1. ## 2 Sequence Problems

Find the value of the limit of the sequence defined by:
a(sub 1)=1
a (sub n+1)=13-(1/a(sub n))

I have no idea how to do that.

Find the value of the limit of the sequence defined by:
a(sub 1) = Square root of 10
a(sub n+1) = Square root of (10+a(sub n))

This one either. These are the only two out of 30 that I couldn't do. He said they'd be on the test so I need to learn... bummer.

2. Originally Posted by thegame189
Find the value of the limit of the sequence defined by:
a(sub 1)=1
a (sub n+1)=13-(1/a(sub n))

I have no idea how to do that.

Find the value of the limit of the sequence defined by:
a(sub 1) = Square root of 10
a(sub n+1) = Square root of (10+a(sub n))

This one either. These are the only two out of 30 that I couldn't do. He said they'd be on the test so I need to learn... bummer.
Try this...

For the last one...

suppose $\lim_{n \to \infty}a_n=L$ then $\lim_{n \to \infty}a_{n+1}=L$

$\lim_{n \to \infty}[a_{n+1}=\sqrt{10+a_n}] \iff L=\sqrt{10+L}$

Now we can solve this equation for L

$L=\sqrt{10+L} \iff L^2=10+L \iff L^2-L-10=0$

$L=\frac{1}{2}(1+\sqrt{41})$

3. Ah, I had a sign wrong that I didn't catch. Thanks a bunch!

Any idea how to do the first one?

4. Originally Posted by TheEmptySet
Try this...

For the last one...

suppose $\lim_{n \to \infty}a_n=L$ then $\lim_{n \to \infty}a_{n+1}=L$

$\lim_{n \to \infty}[a_{n+1}=\sqrt{10+a_n}] \iff L=\sqrt{10+L}$

Now we can solve this equation for L

$L=\sqrt{10+L} \iff L^2=10+L \iff L^2-L-10=0$

$L=\frac{1}{2}(1+\sqrt{41})$
heeeem...I'm also having problem with these sequences! We don't know yet that the limit exists!

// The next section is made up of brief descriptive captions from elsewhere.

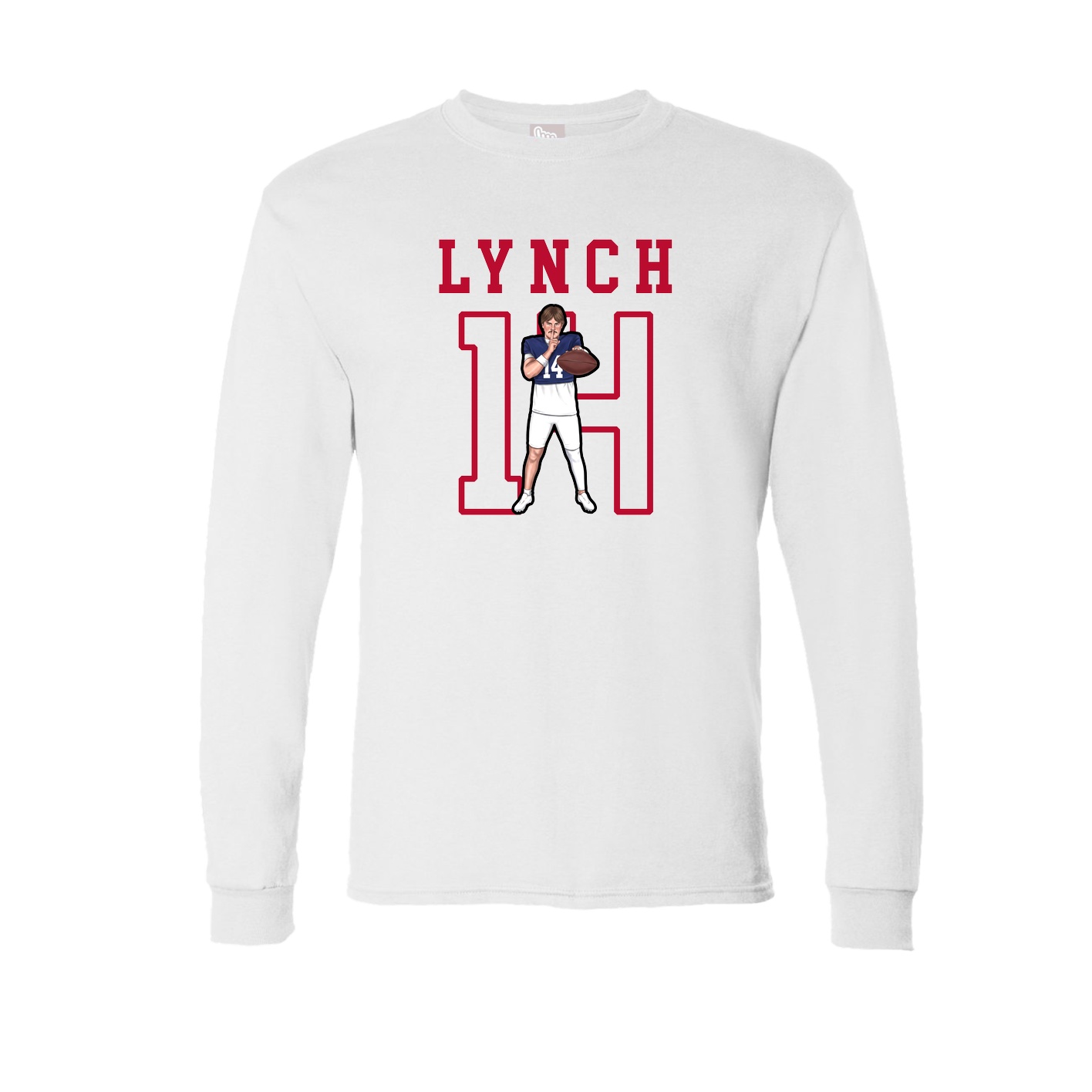 Long Sleeve Tee — Shirsey in White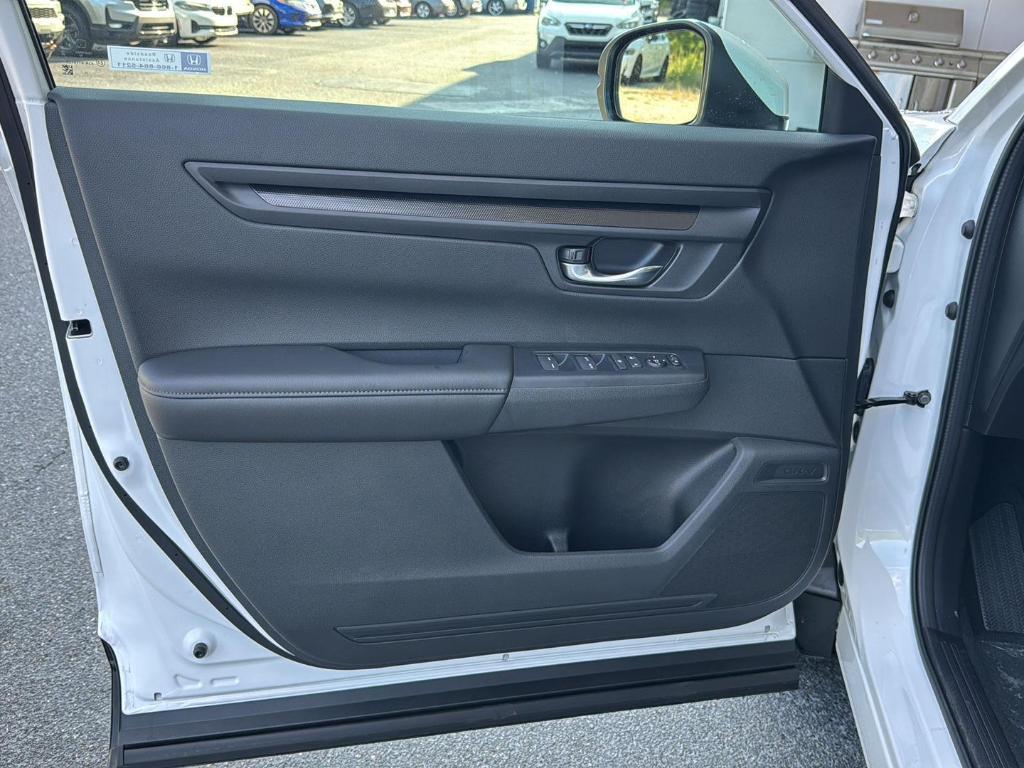 new 2026 Honda CR-V car, priced at $35,000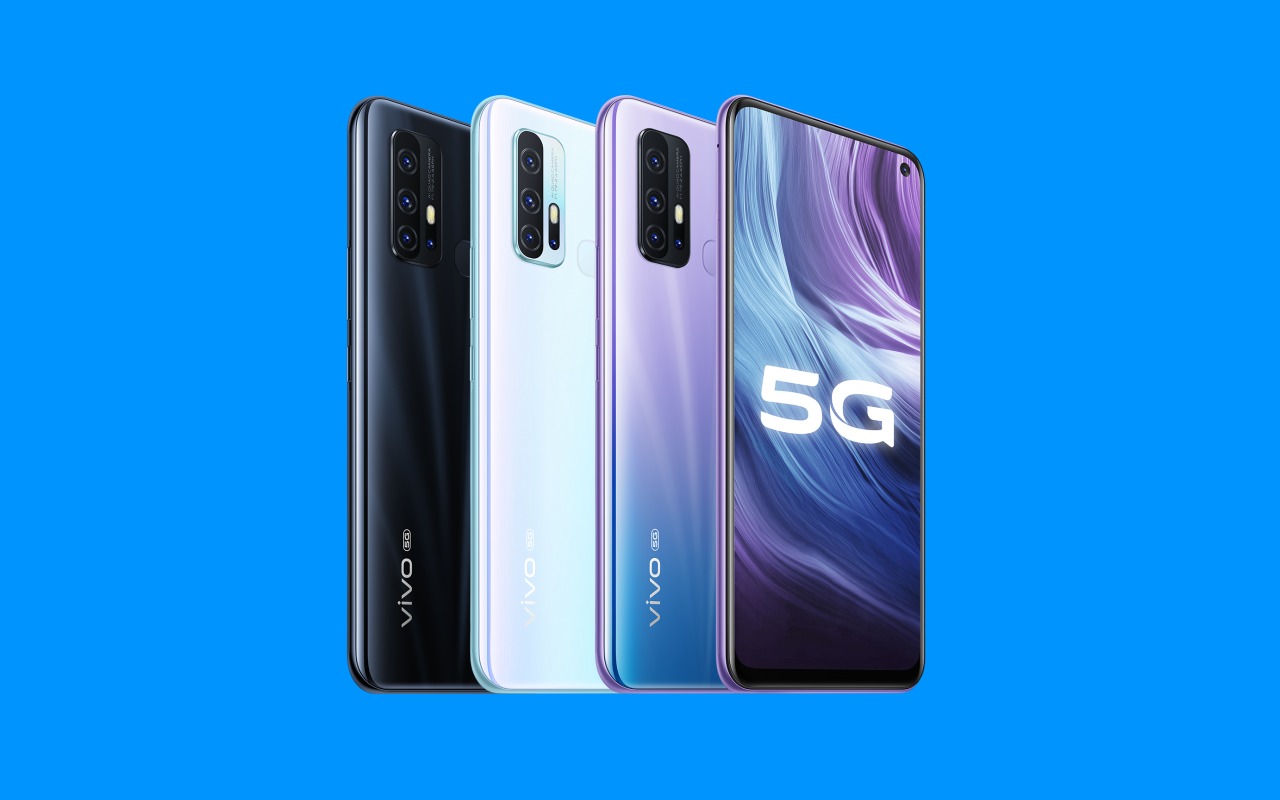 Анонс Vivo Z6 5G: смартфона на Snapdragon 765G и квартетной камерой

The first steps are to prove that the sequence is bounded(a bit messy for me) and monotone! Then if it is, comes your step!

5. The first sequence

I'll post the proof that $\lim{a_n}$ exists

First we'll show that: $a_{n+1}>a_n$ if $n\geq{1}$

By induction:

$a_2=12>a_1=1$ is true

Assume $a_{n}>a_{n-1}$ holds then we'll prove that: $a_{n+1}>a_n$

$a_n>a_{n-1}$ then $-a_{n}<-a_{n-1}$
so: $-\frac{1}{a_{n-1}}<-\frac{1}{a_{n}}$ and then: $13-\frac{1}{a_{n-1}}=a_n<13-\frac{1}{a_{n}}=a_{n+1}$ which completes the first part

$a_{n+1}>a_n>...>a_1=1>0$ so it is a positive sequence and therefore it is bounded by 13 since $a_{n+1}=13-\frac{1}{a_n}<13$

This shows that the sequence is incresing and $a_n<13$ for all $n\geq{1}$, thus it converges to say $L$

LIMIT:
Since $a_{n+1}=13-\frac{1}{a_n}$ taking the limit on both sides: $\lim{a_{n+1}}=13-\frac{1}{\lim{a_n}}$ then $L=13-\frac{1}{L}$ now find the roots of this equation and remember that $13\geq{L}>12=a_2$ to see which one is the limit.